I had a big clear-out of papers and things before Christmas to make some space, and I think I threw away a lyrics book. This could be a disaster, but I've done stuff like leaving one on the tube after a long day at work, so it's not such a terrible thing. I think of these things a life's natural edits.

I have been listening through to my three-quarters-finished album today at the kitchen table. Offsprog One has her friend round so I listened quietly. Two things happened: firstly, through listening after weeks away from it, stuff that I thought was not very good seems much better. Secondly, listening at such a low volume meant that it was really obvious what I have to redo. For instance, a song where I thought the guitar rhythms were off-kilter, it was actually the vocal feel that wasn't right.

I have entirely lost the Logic file of one of the songs, but it's not such a hard one to start again with. It was heartening to listen through the album, actually: listening re-booted the bit of me that gets all used up by teaching. All I need is a clear day to sing on, a sunny day and a bird-throat mood, and I can do both the vocals that are missing and replace the dodgy ones. I have a guitar part that finishes a couple of bars before then end for no apparent reason, but that's just a pure guitar'n'vocal song so that will be a case of supple fingers and determination. I am thinking about guest musicians and what they might do. I feel motivated, dude.

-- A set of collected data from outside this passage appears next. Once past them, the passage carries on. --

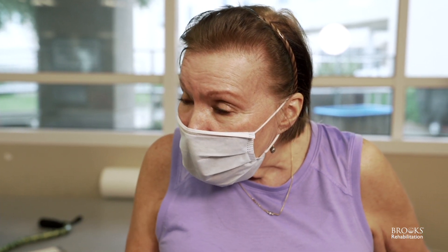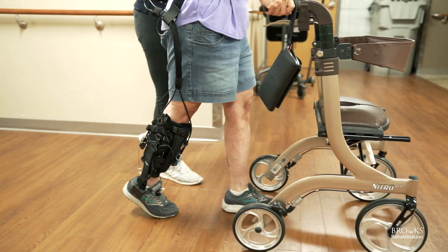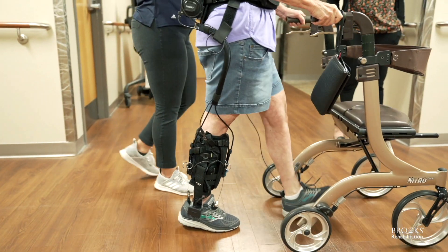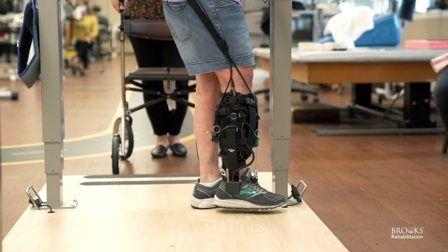We're seeing increased step count, increased comfortable walking speed, increased max walking speed, and less compensations around the hip, even with just the first few sessions of utilizing it. It helps me pick up my toes so they don't drag. It helps me feel like I have better balance, and it helps me walk faster.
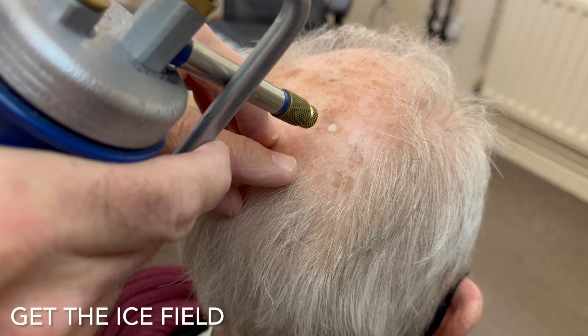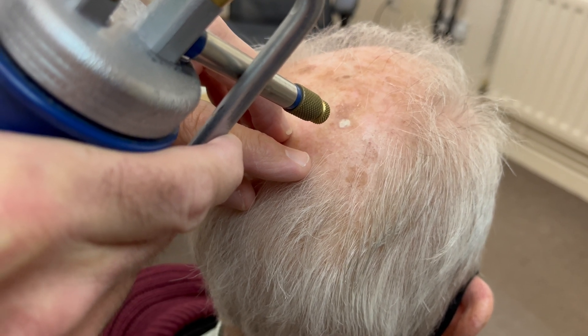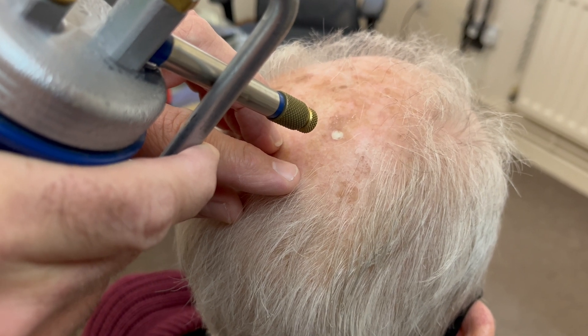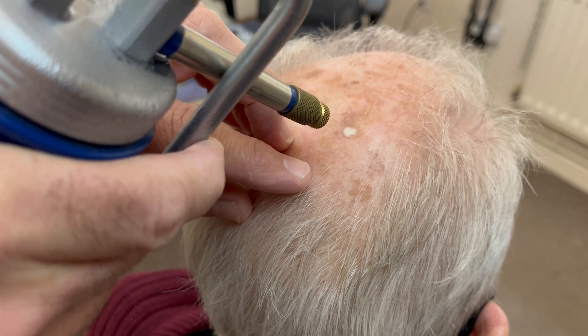So here we're getting the ice field. We're establishing the treatment area, having identified the solar keratosis. We're then freezing it for five seconds to make sure that the lesion is adequately treated.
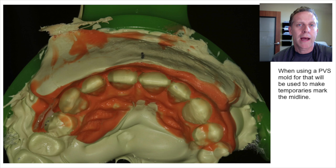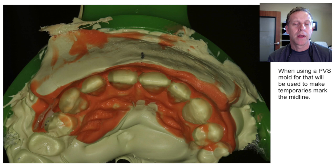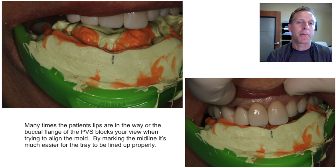We put posterior triple trays in all the time, or even a saddle tray, to line up and get our temporaries made. When it comes to the anterior, it can be a little trickier — especially if the patient's lip is in the way when you're trying to insert this tray, or if the buccal flange in your preoperative model went up too high. Your visualization may be compromised and you may not be able to get it in quite right.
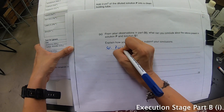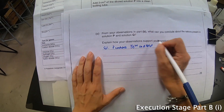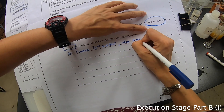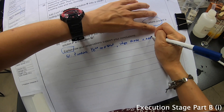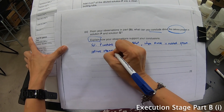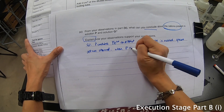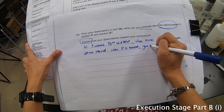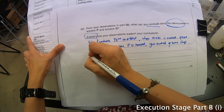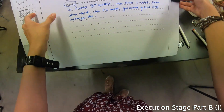Solution P contains Fe²⁺ and NH₄⁺. Those are the cations I conclude. Explanation: when NaOH is added, a green precipitate was observed. When P is heated, gas evolves and turns the damp red litmus paper blue. That completes this part.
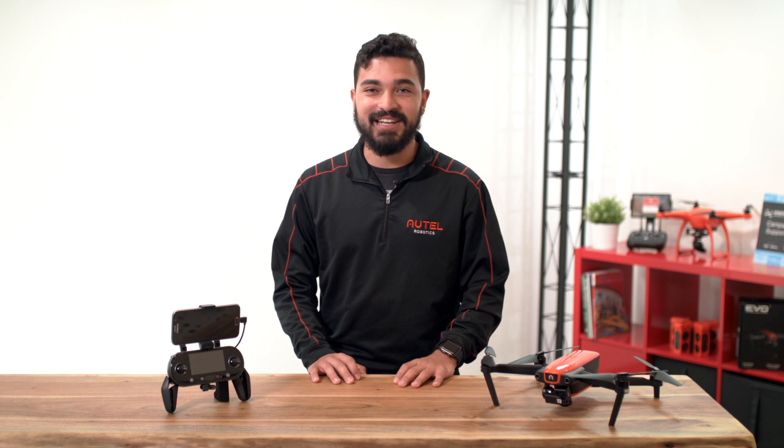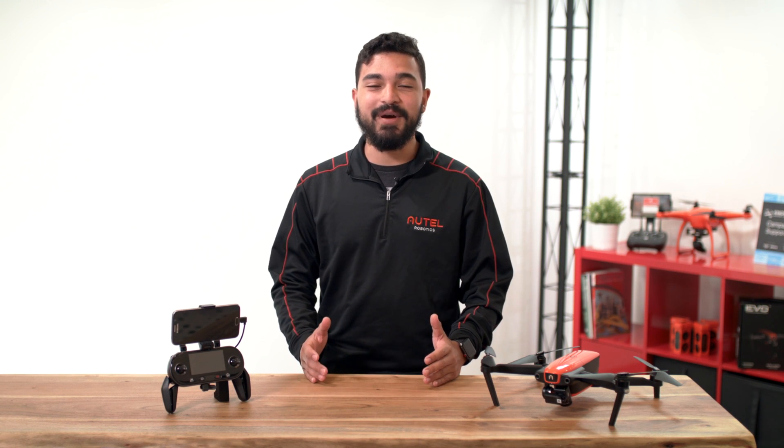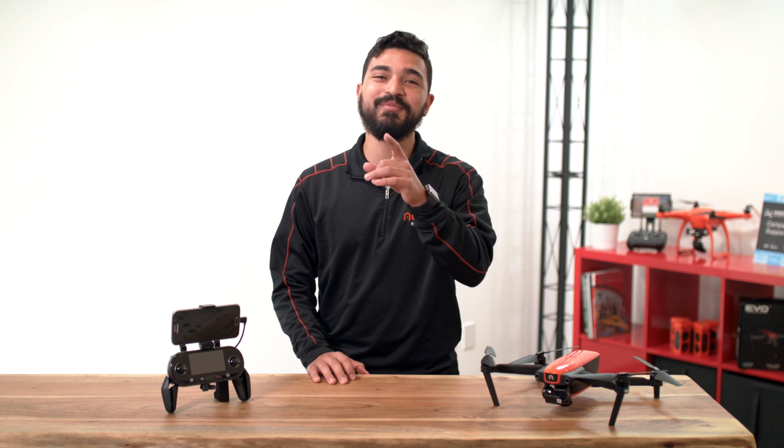Hi everyone, Alejandro here with ATSA Robotics. In this video, we will learn about the LED flight indicators. Welcome to the flight deck!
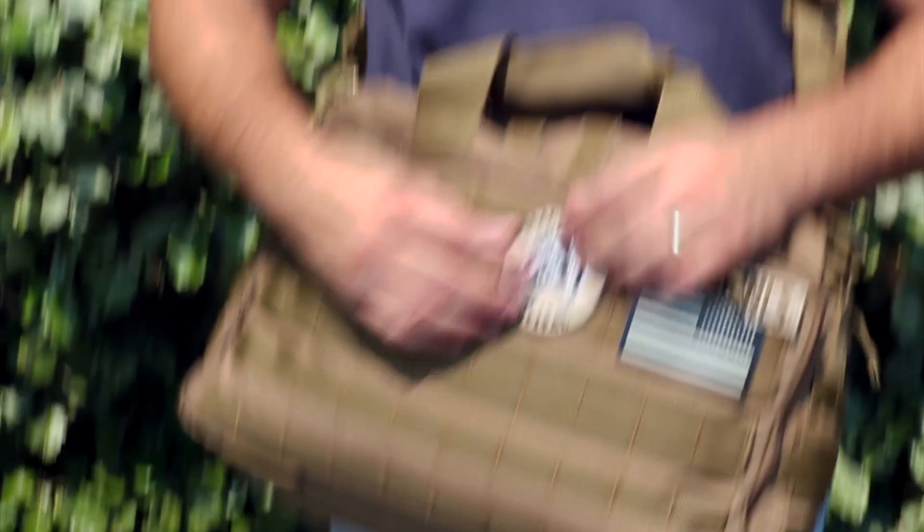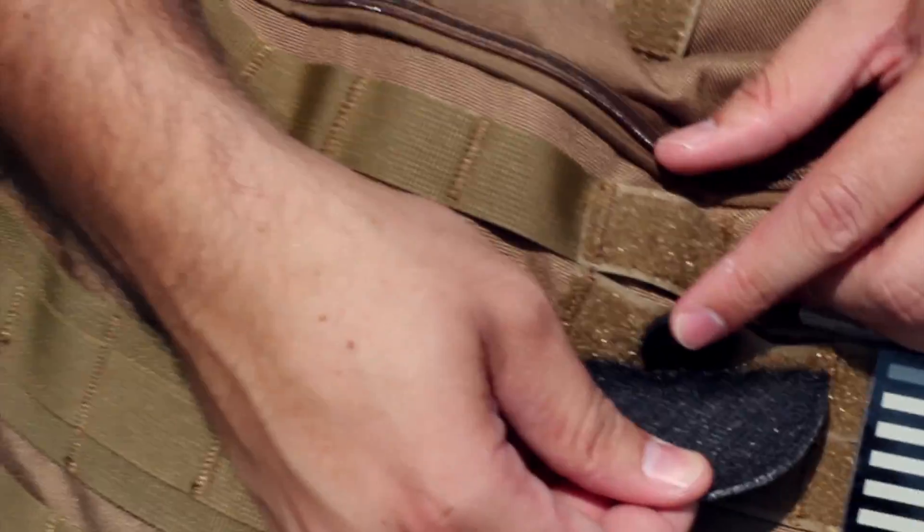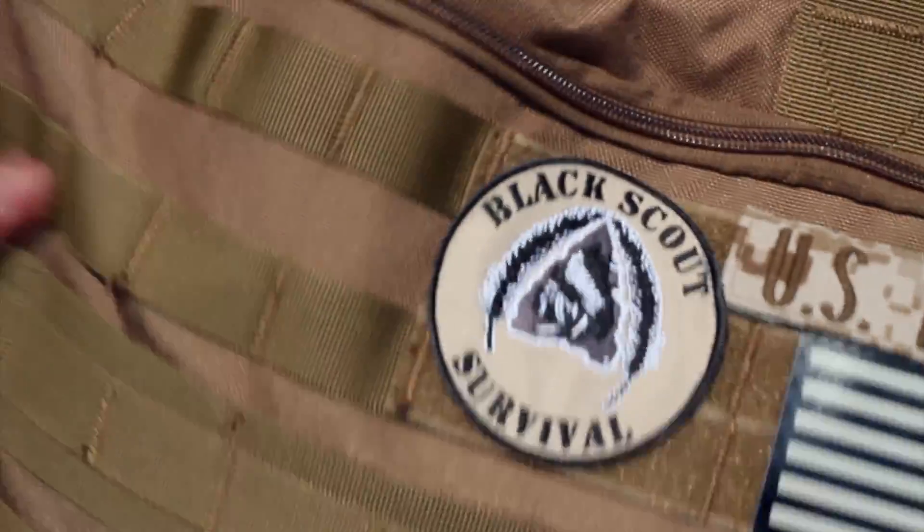This is a Black Scout quick tip on where to hide your escape and evasion tools and lock picking gear. A good place is underneath your morale patches, like this handcuff key here. You can quickly access this just on the outside of the bag.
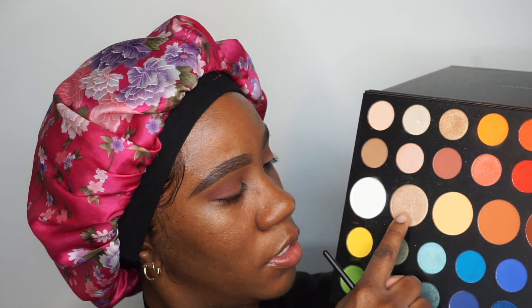This look is going to be super simple. I'm going to take a flat brush, start with some MAC Fix Plus, and go in with the larger shimmer pan — this one here — and use my flat brush to pack this shimmer onto my lid.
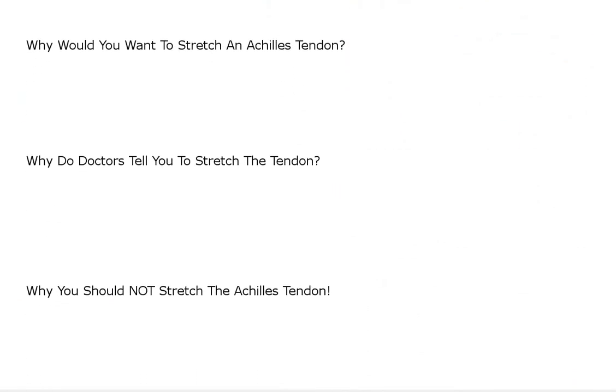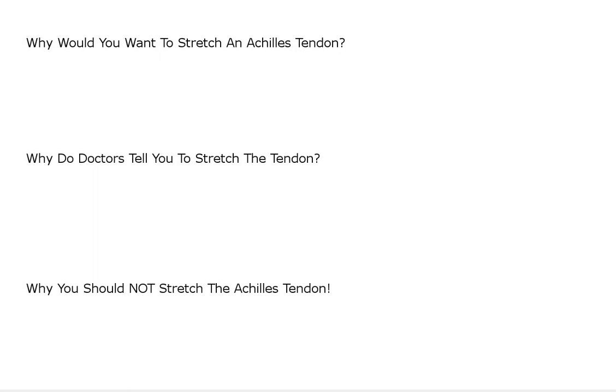Why would you want to stretch an Achilles tendon? Probably it's because either your Achilles tendon feels tight to you, or a doctor or somebody has told you that your Achilles tendon is really tight. There are elements of that which are true, kind of like a guitar string — they're either loose or they're tight. But I want to say that there's a difference between tight and taut. Tight is like a bungee cord — it'll get loose or you can pull it tight. But your Achilles tendon is more like a steel cable or a rope — it doesn't get loose or tight.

(As I walked up from the tube station today, a very posh mummy was saying to her son 'I do wish you would stop using that word dude, darling'.


2000 Year Old Yew Tree

This tree in Totteridge is reputed to be 2000 years old. It must have lived through so much change- and it's still sprouting new growth. Decorated by fairy lights in the churchyard, it loomed out of the drizzle as a majestic reminder of the passing of time and the ultimate insignificance of humanity with our silly little lives, staring at miniature screens so hard that a lot of the time we don't notice the beauty around us. Big guy, we noticed you yesterday in your rainy garden, and we love you.




Sunday, January 02, 2022

Working The New Year In

Every year I spend New Year's Day marking student work. I don't know why: it just happens that way. Being an academic is weird, because you have huge influxes of work at times when other people are holidaying. Last Christmas, for instance, I spent the week before Christmas marking, and then the entire Christmas period attending to corrections the subeditor wanted in my book. I knew if I didn't work on it then, it would never be finished: time was chasing it from behind. At times I was almost in tears of frustration, and there was no time to recover from doing all that, because the new term started and I was straight into working again.

I am hoping to spend a bit of time working on my new album, but I will have to work on it very quickly and intensely. I know what I want it to sound like, and I also know it will have to be recorded in between a lot of other things that need time and energy. I have chosen the songs and deliberately stopped writing anything else temporarily, because if I do I'll interrupt the flow of what I've chosen and try to shoehorn in one of the new ones.

January is full of pandemic and other question marks, and around them life will continue in some form of normality, or abnormality.